STUDY MATERIAL:

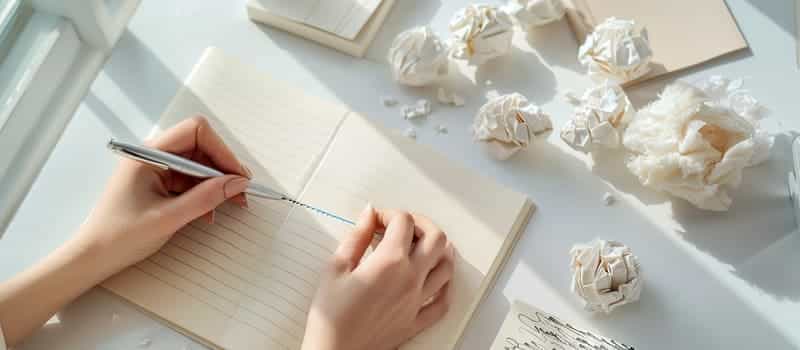 Gros plan sur des mains qui réécrivent une phrase sur un bloc-notes, entourées de boules de papier froissé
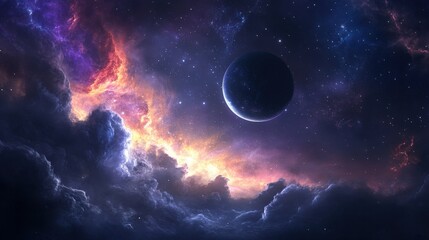 Fototapeta premium Colorful celestial clouds and a distant planet in a vibrant cosmic expanse.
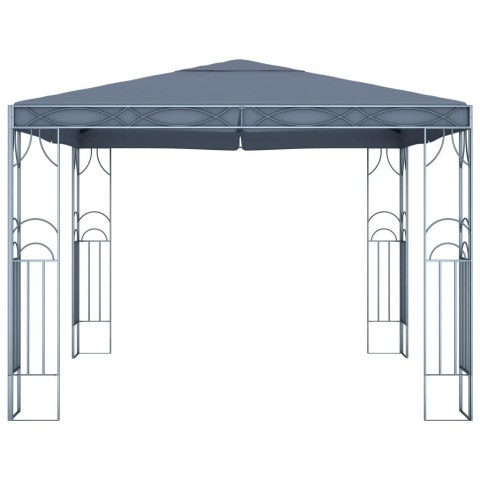Altana ze sznurem lampek LED, 300x300 cm, antracytowa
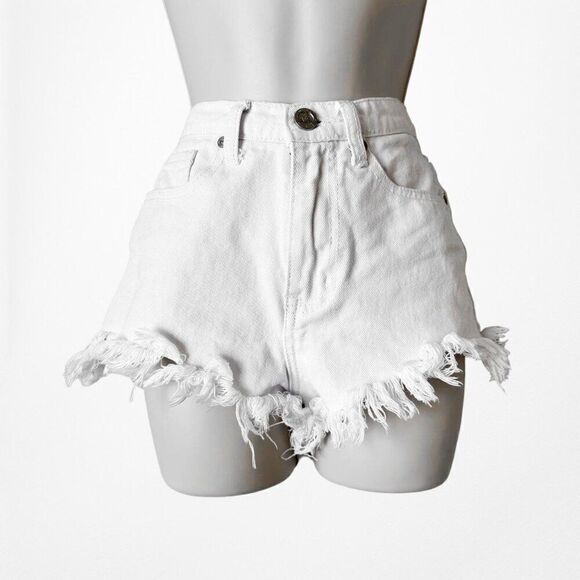 UNIF White High Waisted Distressed Destroyed Casual Denim Shorts Size XS - Picture 4 of 6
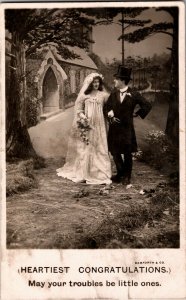 RPPC Bamforth Wedding Congratulations Bride Groom Vintage Postcard E17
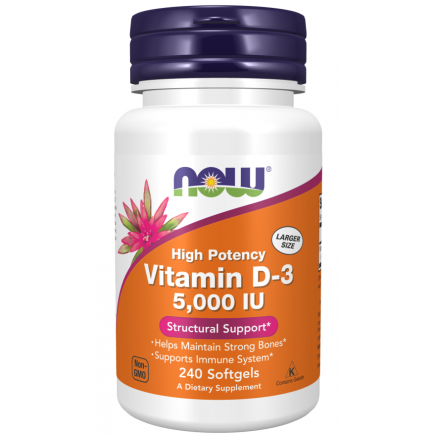 NOW-00373 - High Potency Vitamin D-3 5000 IU 240 Softgels в категория Витамини.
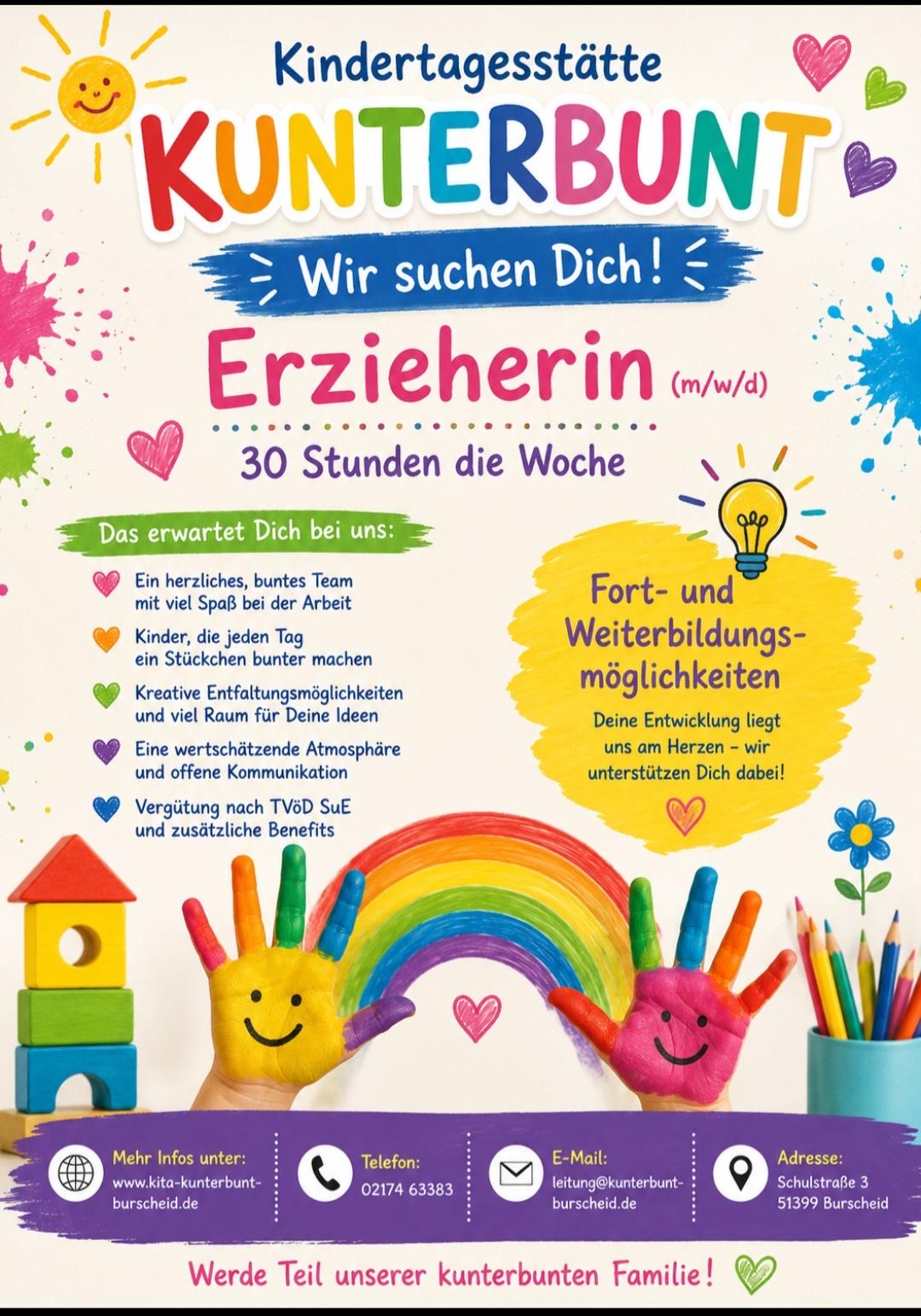 Stellenausschreibung für die Kita Kunterbunt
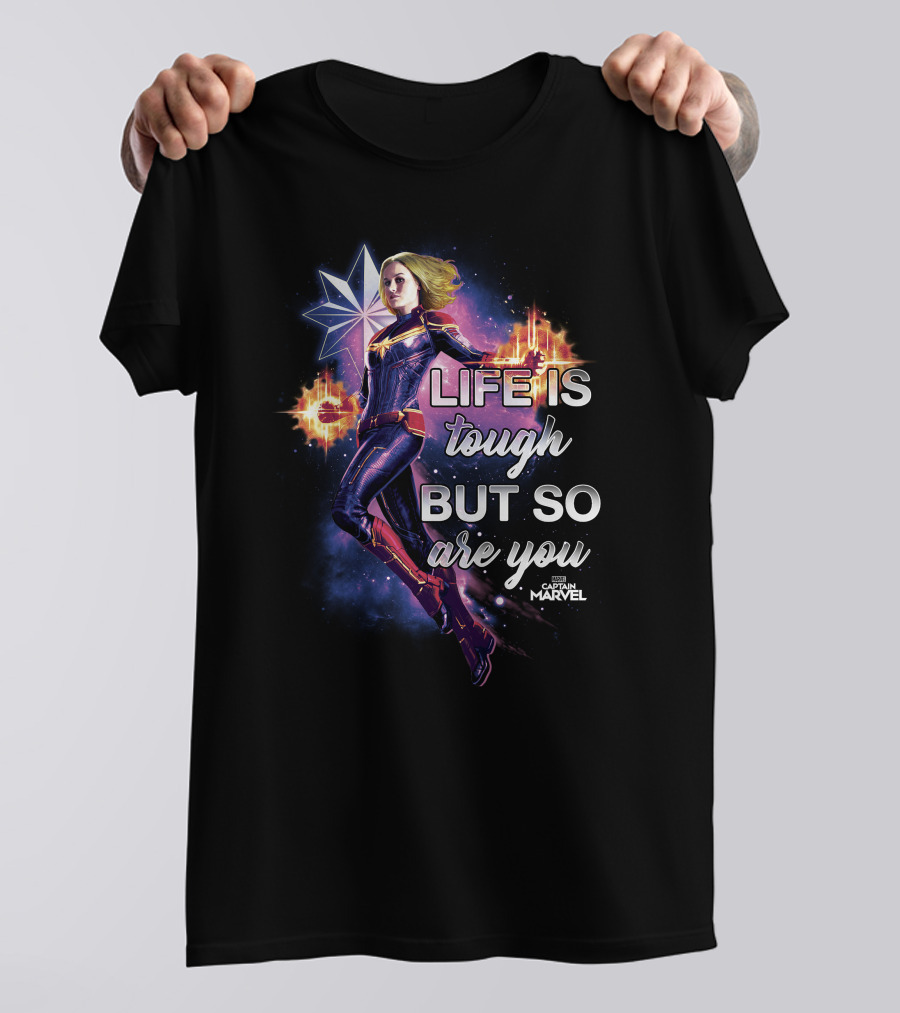Captain Marvel Life Is Tough But So Are You Inspirational Quote Flight T-Shirt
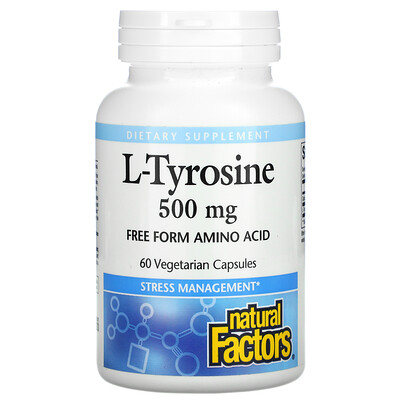 Natural Factors L-Tyrosine, 500 mg, 60 Vegetarian Capsules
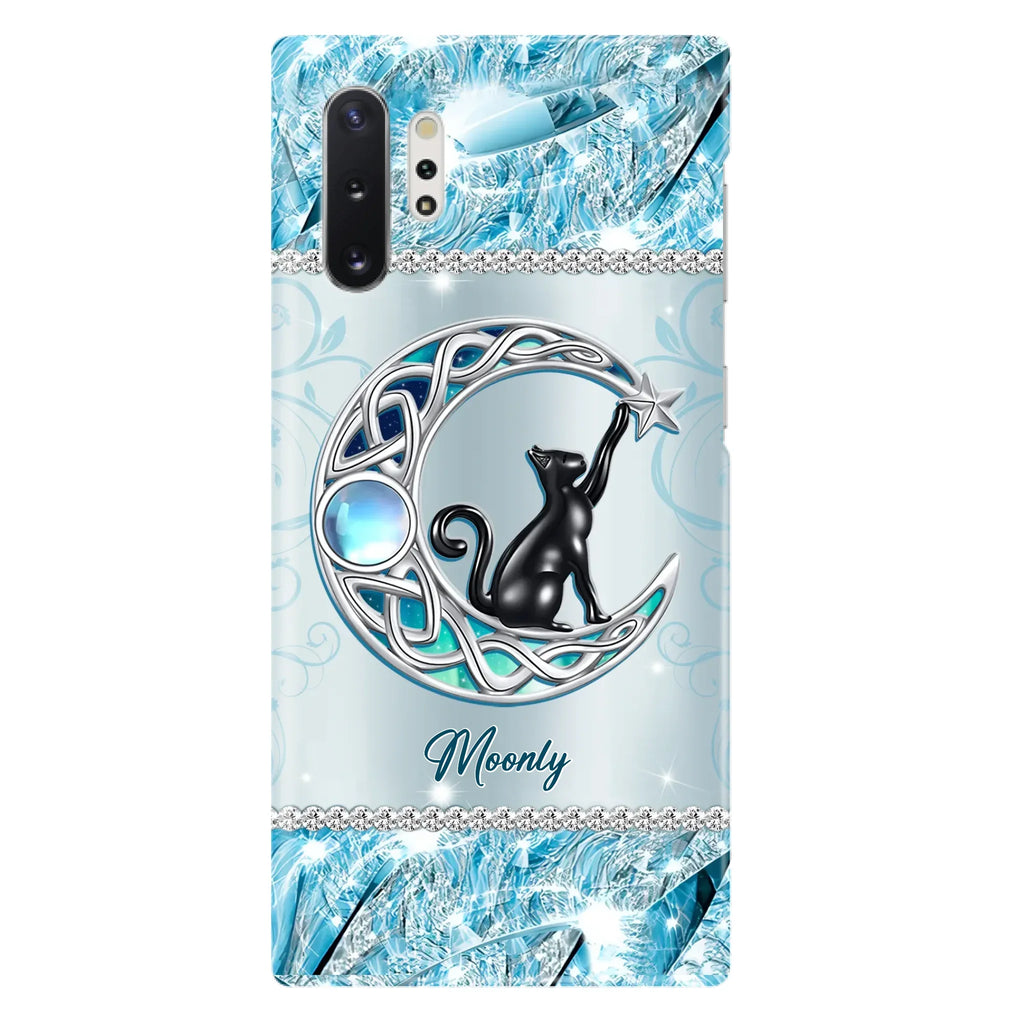 Custom Personalized Black Cat Moonstone Phone Case - Gift Idea For Cat Lover - Case For iPhone/ Samsung
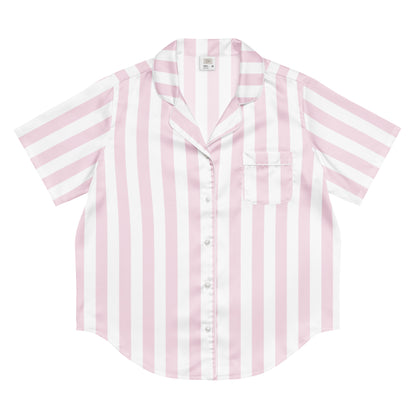Front view of the Vibewear 'Sorbet Stripes' women's satin pajama top with its pastel pink and white stripe pattern.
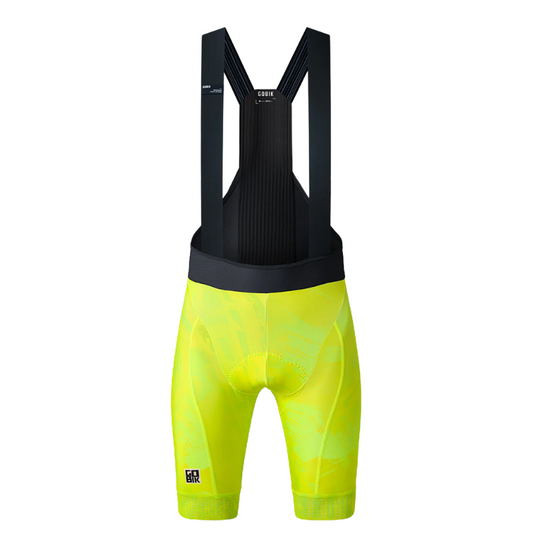 Gobik Absolute Print mens road cycling bib shorts in Liquid Lime high visibility neon yellow green displaying sublimated graphics panels flat seamless suspender straps and K10 carbon chamois - Epic Sports Kenya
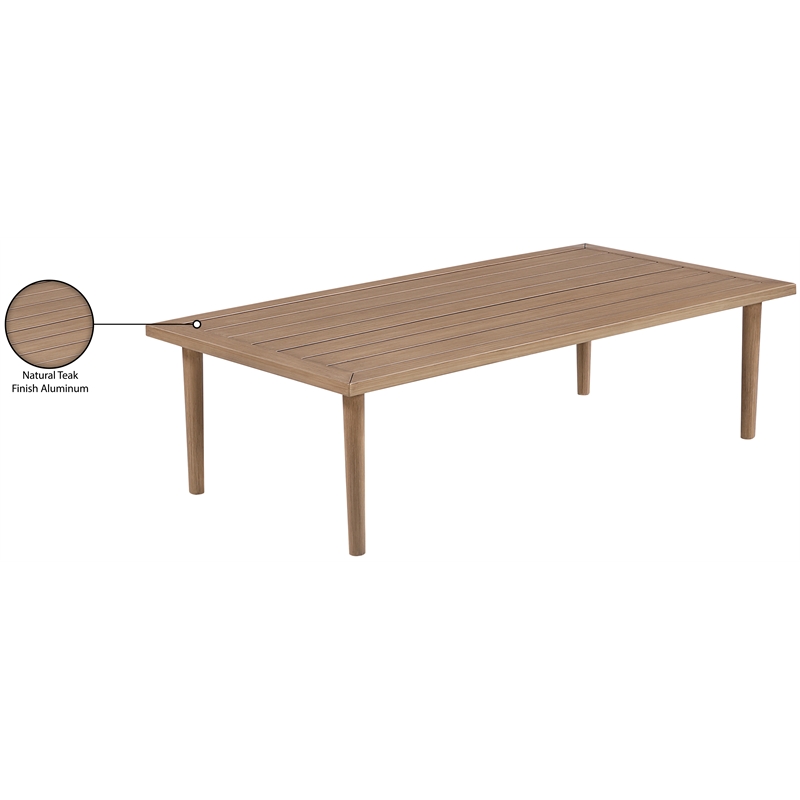 Meridian Furniture Laguna Natural Aluminum Outdoor Patio Coffee Table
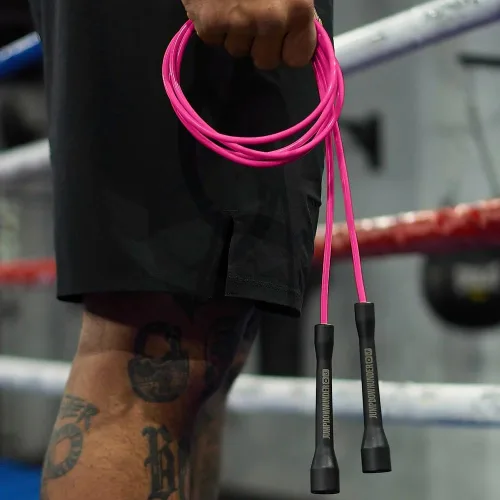 Vista 3 de JDU Athletics Speed Series I Hecho para boxeo 20% más pesado que la cuerda de salto estándar de PVC sin enredos, tamaño ajustable, asas Eclipse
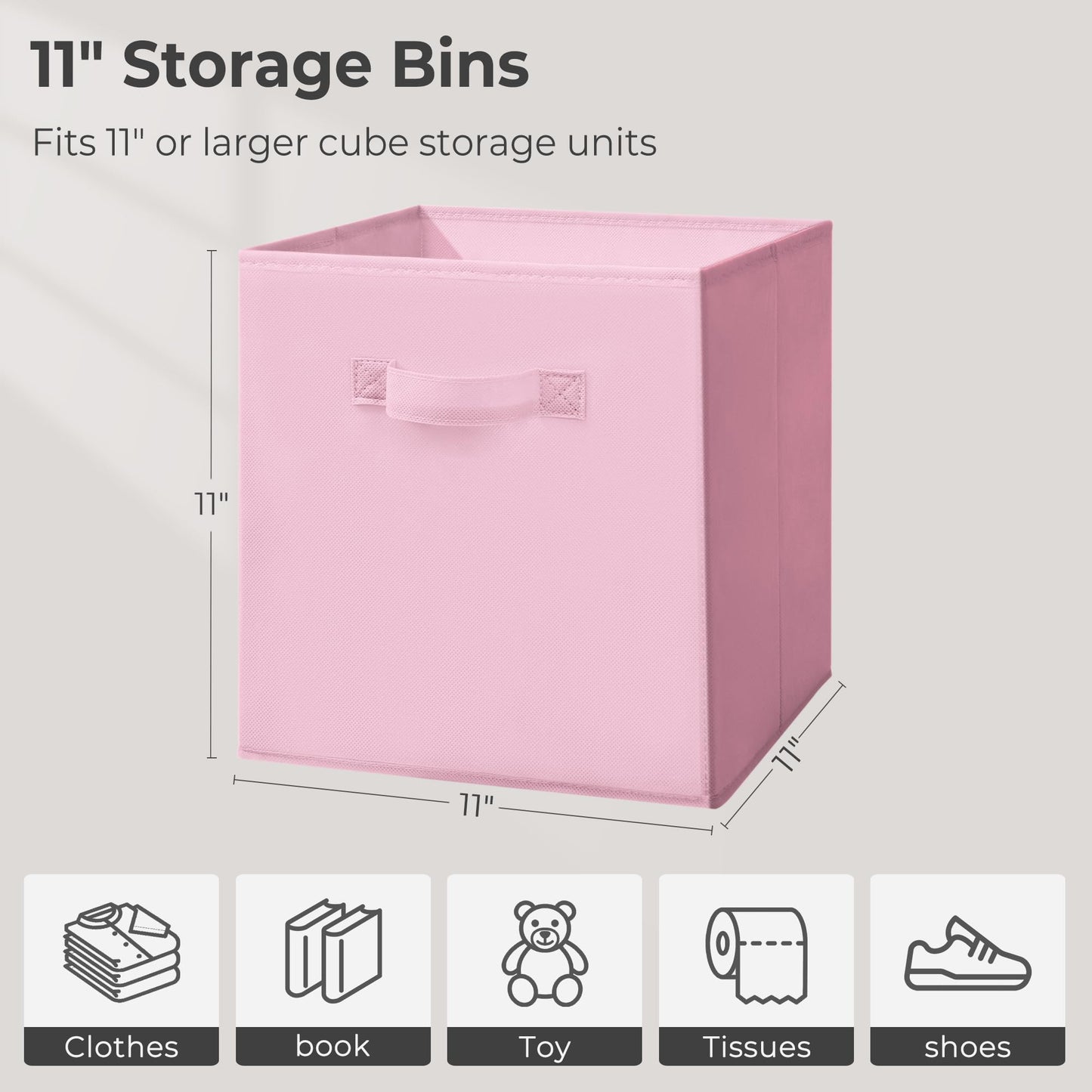 11x11 Storage Bins, Set of 4 Storage Cubes, Collapsible Cube Storage Box, Fabric Closet Organizers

WORK ORDER: Find the line with "UNIF White High". Return it and each line after it through the end of the data, exactly, without pictures.

EXPECTED ANSWER:
 UNIF White High Waisted Distressed Destroyed Casual Denim Shorts Size XS - Picture 4 of 6
 RPPC Bamforth Wedding Congratulations Bride Groom Vintage Postcard E17
 NOW-00373 - High Potency Vitamin D-3 5000 IU 240 Softgels в категория Витамини.
 Stellenausschreibung für die Kita Kunterbunt
Captain Marvel Life Is Tough But So Are You Inspirational Quote Flight T-Shirt
 Natural Factors L-Tyrosine, 500 mg, 60 Vegetarian Capsules
 Custom Personalized Black Cat Moonstone Phone Case - Gift Idea For Cat Lover - Case For iPhone/ Samsung
Front view of the Vibewear 'Sorbet Stripes' women's satin pajama top with its pastel pink and white stripe pattern.
 Gobik Absolute Print mens road cycling bib shorts in Liquid Lime high visibility neon yellow green displaying sublimated graphics panels flat seamless suspender straps and K10 carbon chamois - Epic Sports Kenya
 Meridian Furniture Laguna Natural Aluminum Outdoor Patio Coffee Table
 Vista 3 de JDU Athletics Speed Series I Hecho para boxeo 20% más pesado que la cuerda de salto estándar de PVC sin enredos, tamaño ajustable, asas Eclipse
 11x11 Storage Bins, Set of 4 Storage Cubes, Collapsible Cube Storage Box, Fabric Closet Organizers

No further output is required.